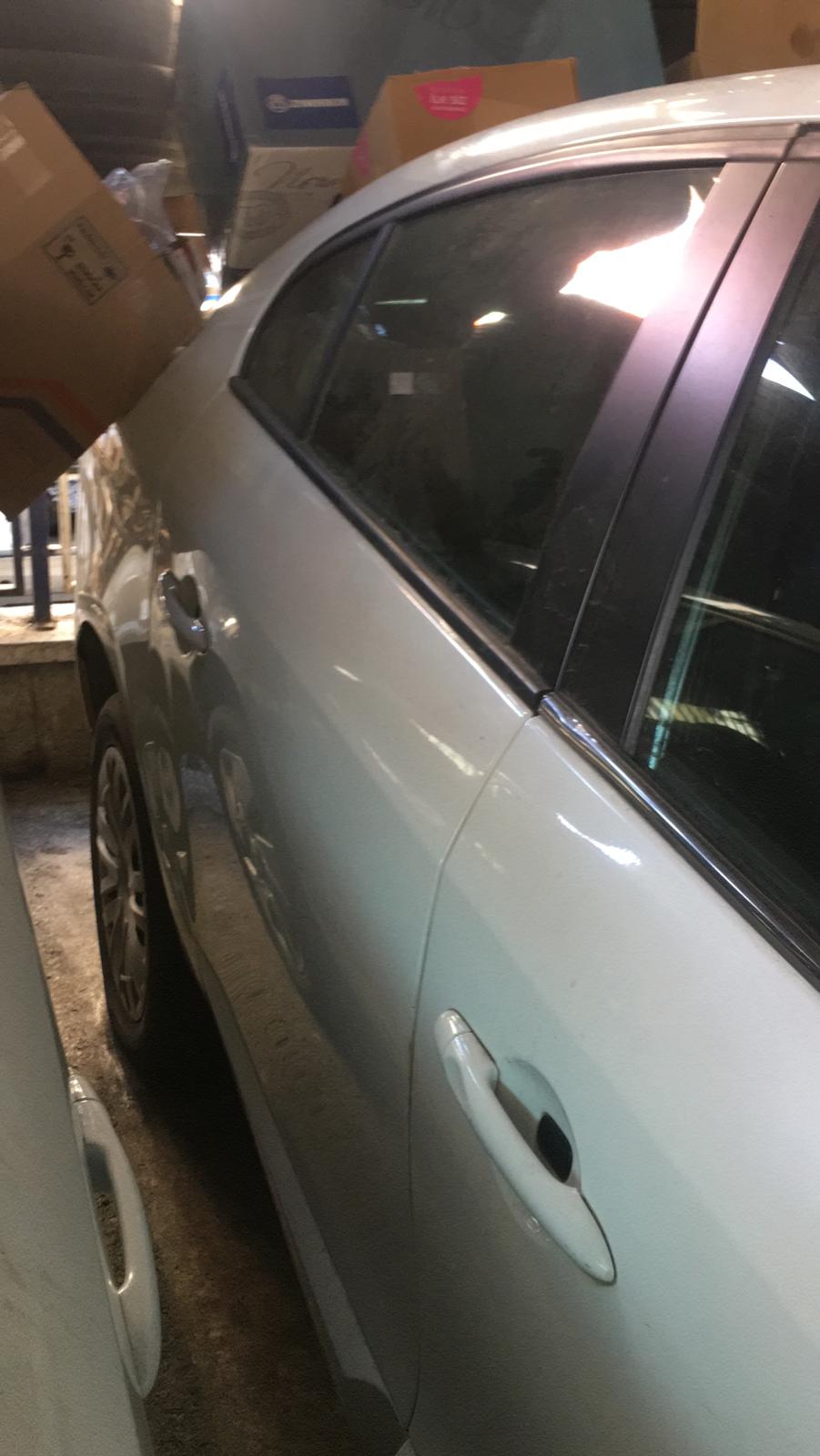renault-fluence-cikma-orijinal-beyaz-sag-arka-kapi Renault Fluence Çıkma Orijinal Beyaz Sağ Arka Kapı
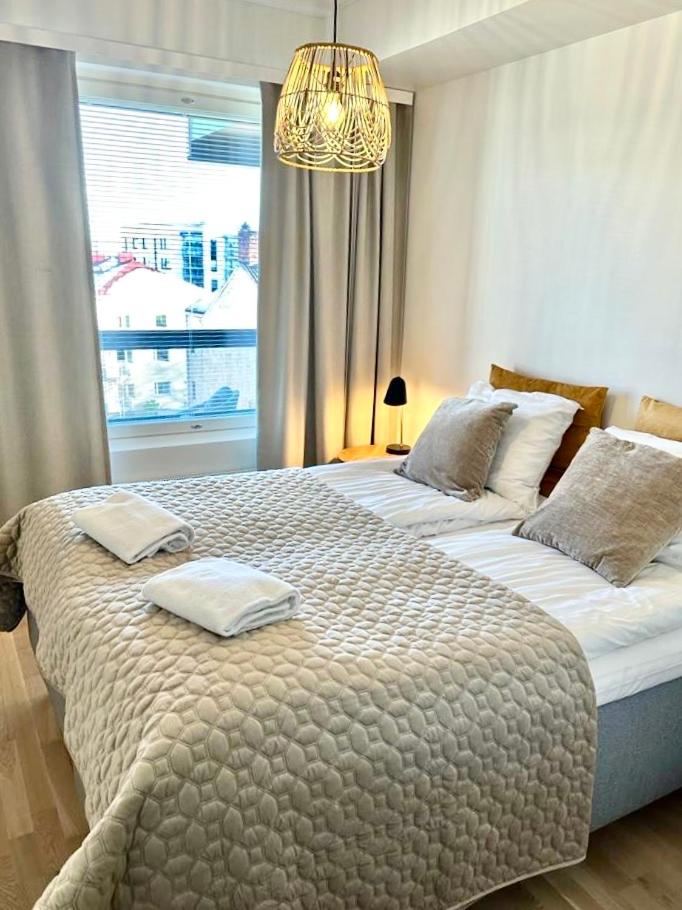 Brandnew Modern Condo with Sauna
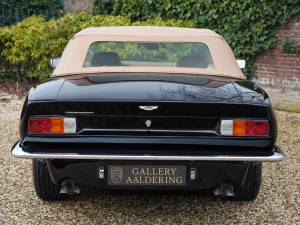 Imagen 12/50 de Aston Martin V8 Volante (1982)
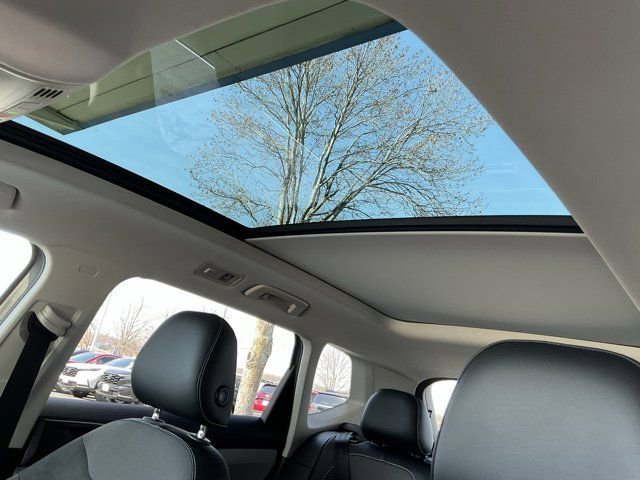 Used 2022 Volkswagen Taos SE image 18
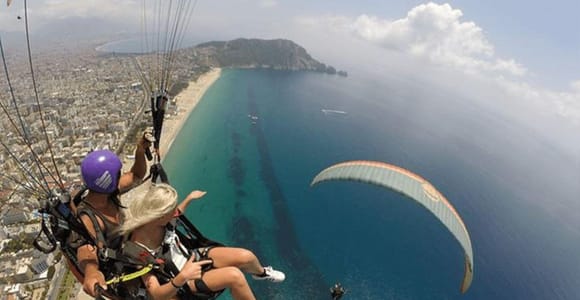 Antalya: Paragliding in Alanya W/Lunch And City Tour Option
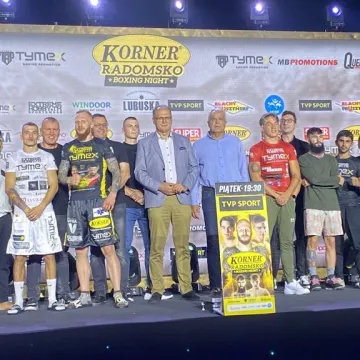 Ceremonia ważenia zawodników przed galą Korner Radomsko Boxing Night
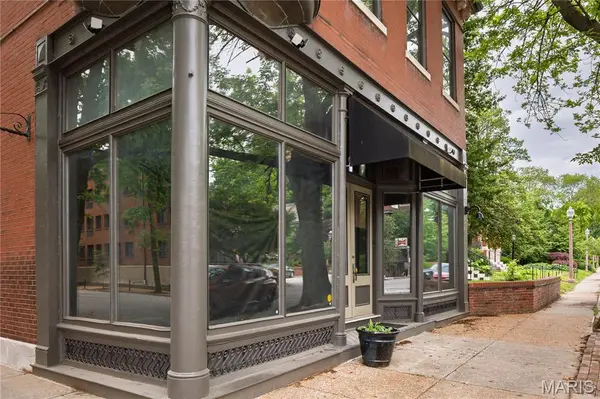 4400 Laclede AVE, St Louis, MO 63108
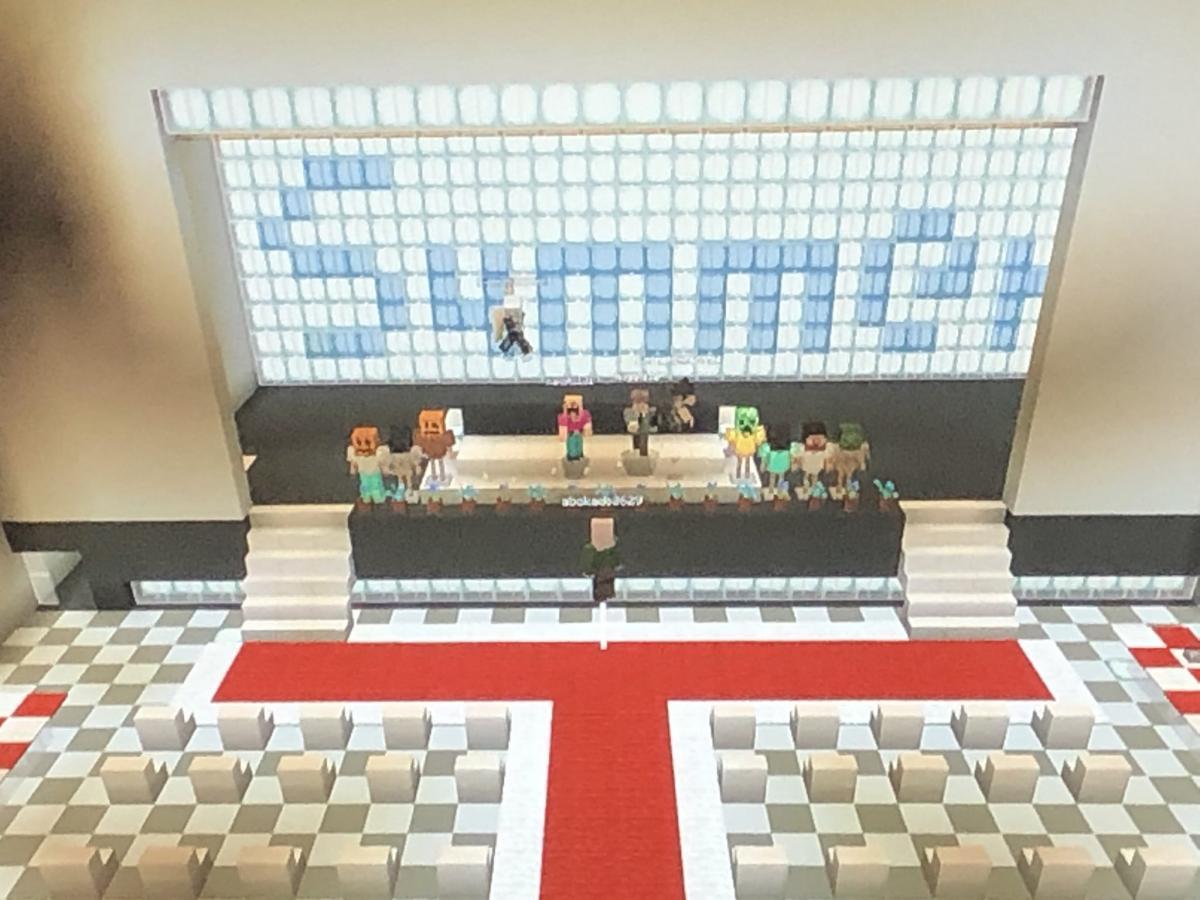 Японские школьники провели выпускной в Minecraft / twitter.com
——
▸ **What needs to be done**
Beginning with the line that holds "Antalya: Paragliding in", output each line to the end of the material above, exactly, omitting the pictures.

▸ **Answer for this exercise**
 Antalya: Paragliding in Alanya W/Lunch And City Tour Option
 Ceremonia ważenia zawodników przed galą Korner Radomsko Boxing Night
 4400 Laclede AVE, St Louis, MO 63108
 Японские школьники провели выпускной в Minecraft / twitter.com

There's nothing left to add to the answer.